> _WHAT THE TASK REQUIRES_: With the pictures left out, please return exactly the line holding "strawberry gradient icon" and each following line until the entries end.

#### SUPPLIED RECORDS ####

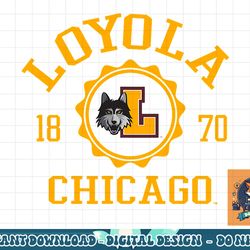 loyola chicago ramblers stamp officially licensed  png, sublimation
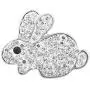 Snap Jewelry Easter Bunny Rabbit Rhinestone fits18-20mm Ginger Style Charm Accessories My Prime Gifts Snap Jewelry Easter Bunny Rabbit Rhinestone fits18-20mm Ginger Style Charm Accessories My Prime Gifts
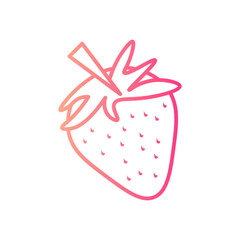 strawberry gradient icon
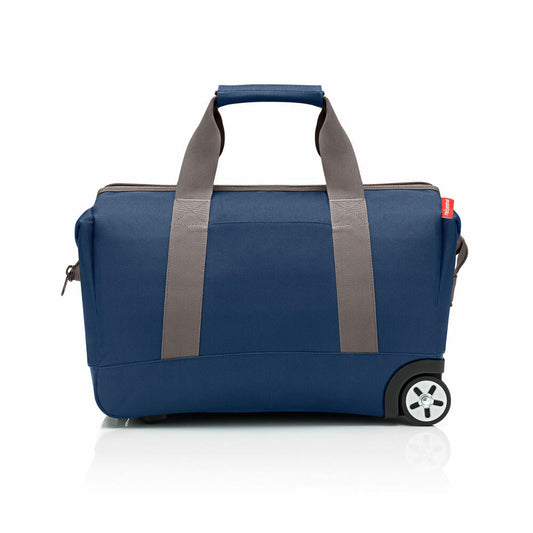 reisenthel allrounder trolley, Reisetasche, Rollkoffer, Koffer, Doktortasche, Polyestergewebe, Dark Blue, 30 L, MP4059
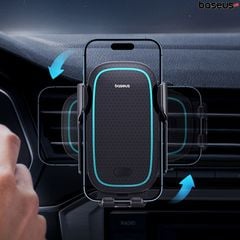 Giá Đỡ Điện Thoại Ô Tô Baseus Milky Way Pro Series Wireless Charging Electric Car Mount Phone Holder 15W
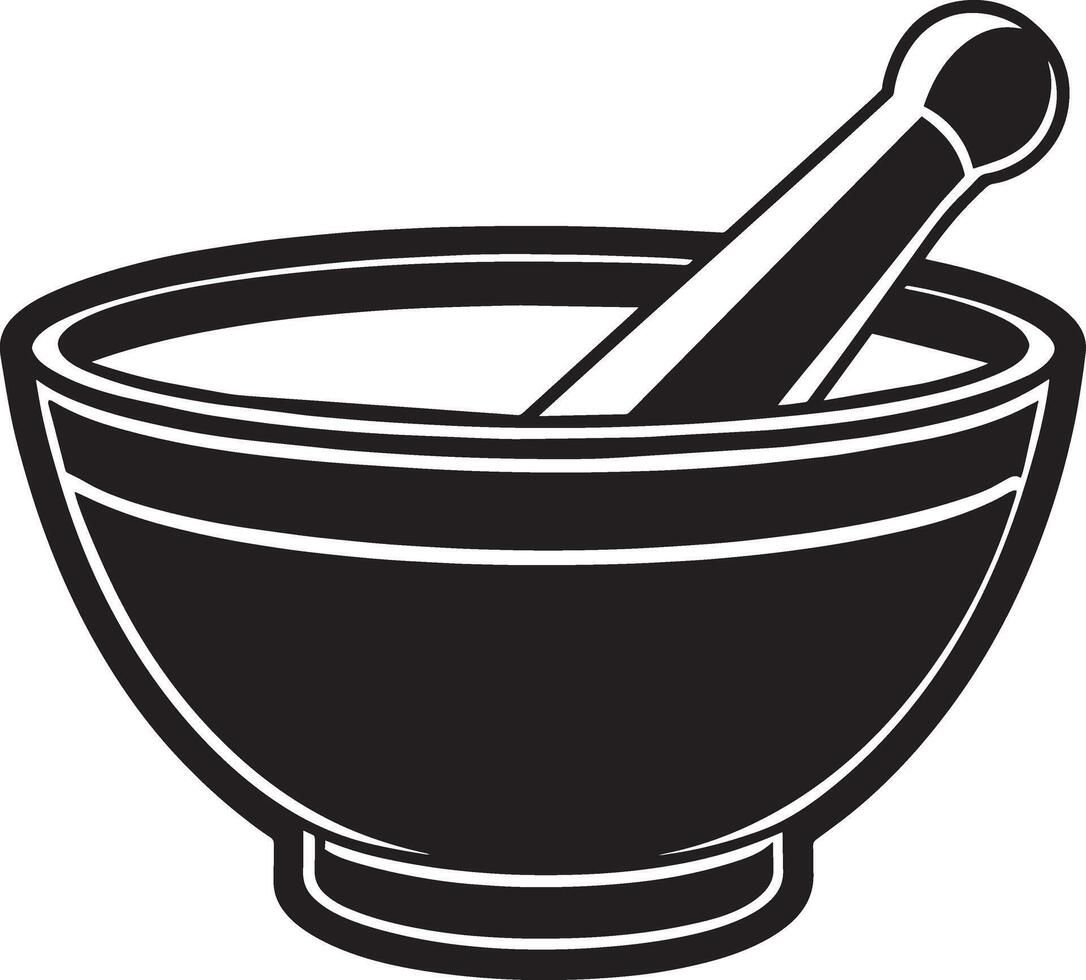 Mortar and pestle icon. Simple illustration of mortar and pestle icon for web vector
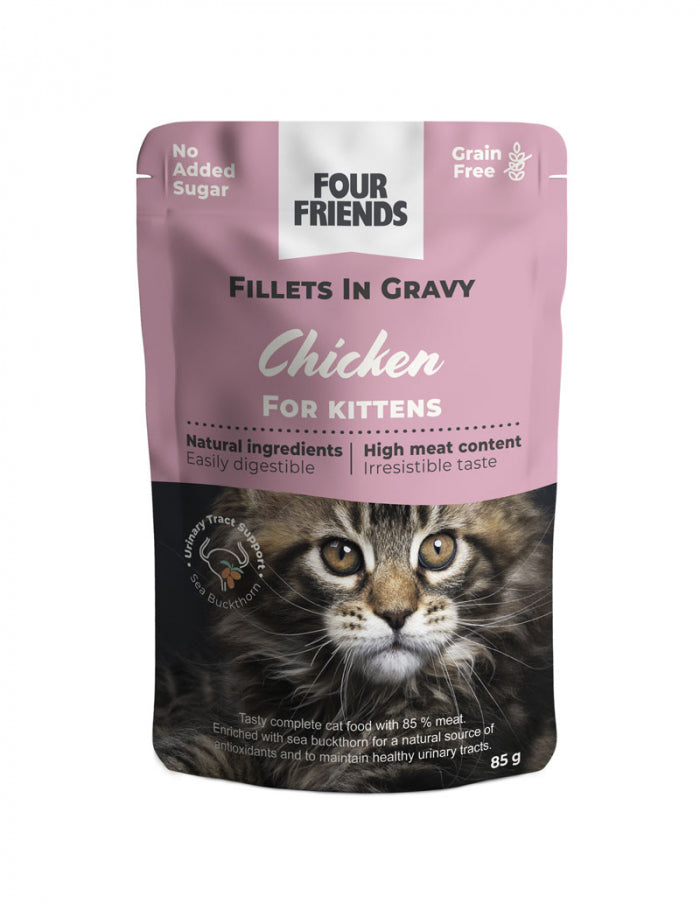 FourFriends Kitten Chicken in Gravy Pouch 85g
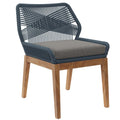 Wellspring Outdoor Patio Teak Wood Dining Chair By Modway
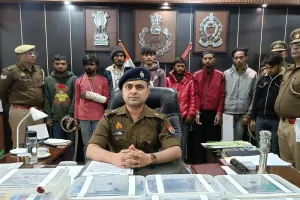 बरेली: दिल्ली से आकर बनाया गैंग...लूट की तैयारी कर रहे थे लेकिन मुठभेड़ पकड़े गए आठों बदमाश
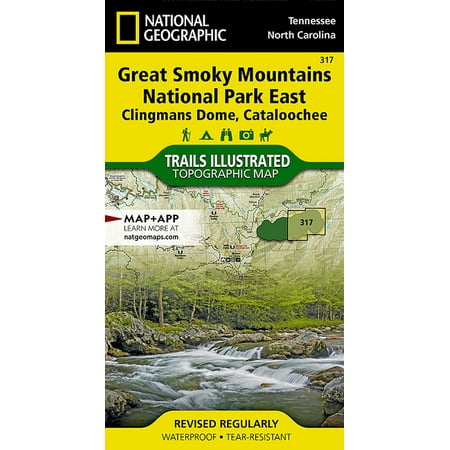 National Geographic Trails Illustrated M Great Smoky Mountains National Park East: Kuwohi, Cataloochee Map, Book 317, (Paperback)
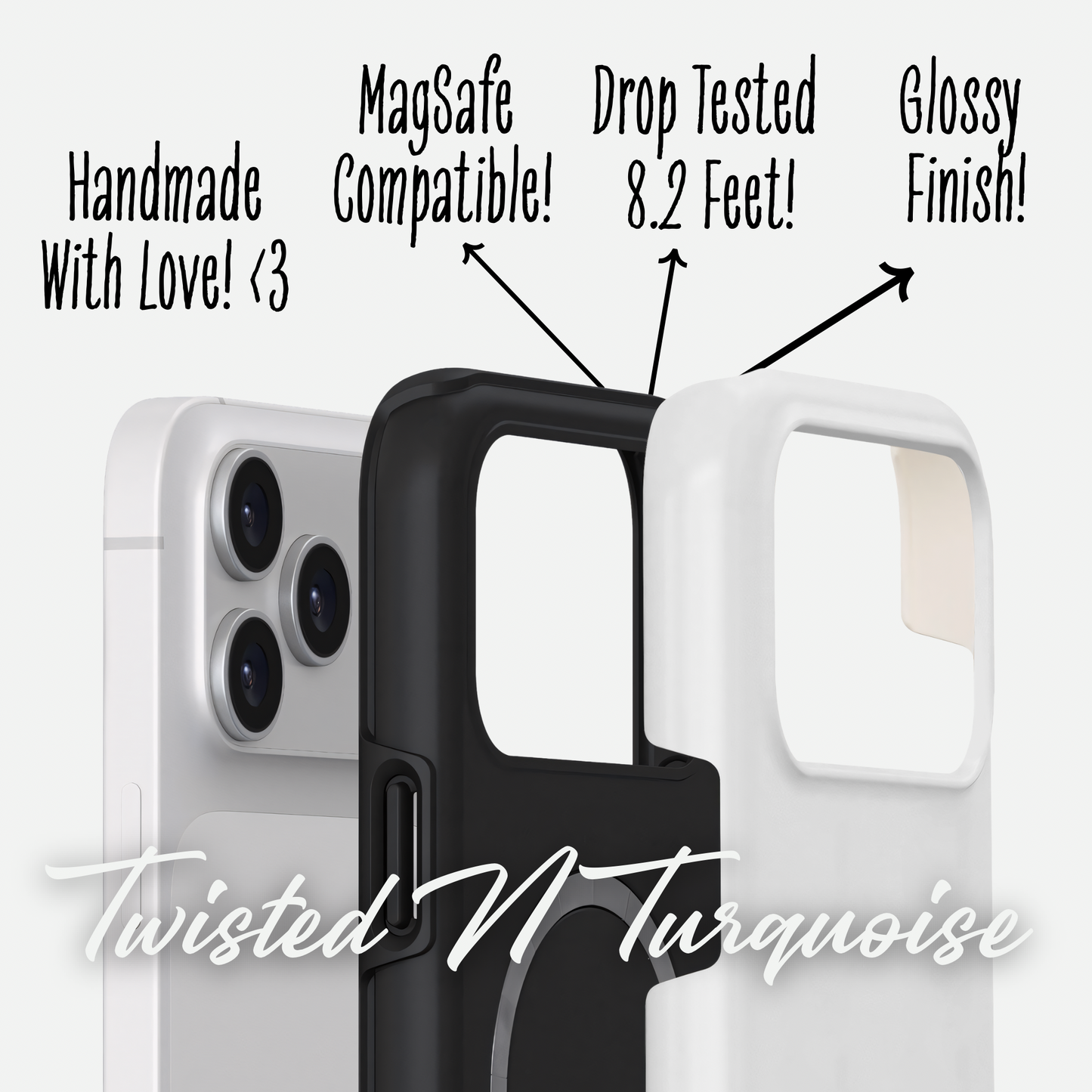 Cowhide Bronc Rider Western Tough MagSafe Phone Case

####

> _EXERCISE ANSWER_:
 strawberry gradient icon
 reisenthel allrounder trolley, Reisetasche, Rollkoffer, Koffer, Doktortasche, Polyestergewebe, Dark Blue, 30 L, MP4059
 Giá Đỡ Điện Thoại Ô Tô Baseus Milky Way Pro Series Wireless Charging Electric Car Mount Phone Holder 15W
 Mortar and pestle icon. Simple illustration of mortar and pestle icon for web vector
 FourFriends Kitten Chicken in Gravy Pouch 85g
 Wellspring Outdoor Patio Teak Wood Dining Chair By Modway
 बरेली: दिल्ली से आकर बनाया गैंग...लूट की तैयारी कर रहे थे लेकिन मुठभेड़ पकड़े गए आठों बदमाश
 National Geographic Trails Illustrated M Great Smoky Mountains National Park East: Kuwohi, Cataloochee Map, Book 317, (Paperback)
 Cowhide Bronc Rider Western Tough MagSafe Phone Case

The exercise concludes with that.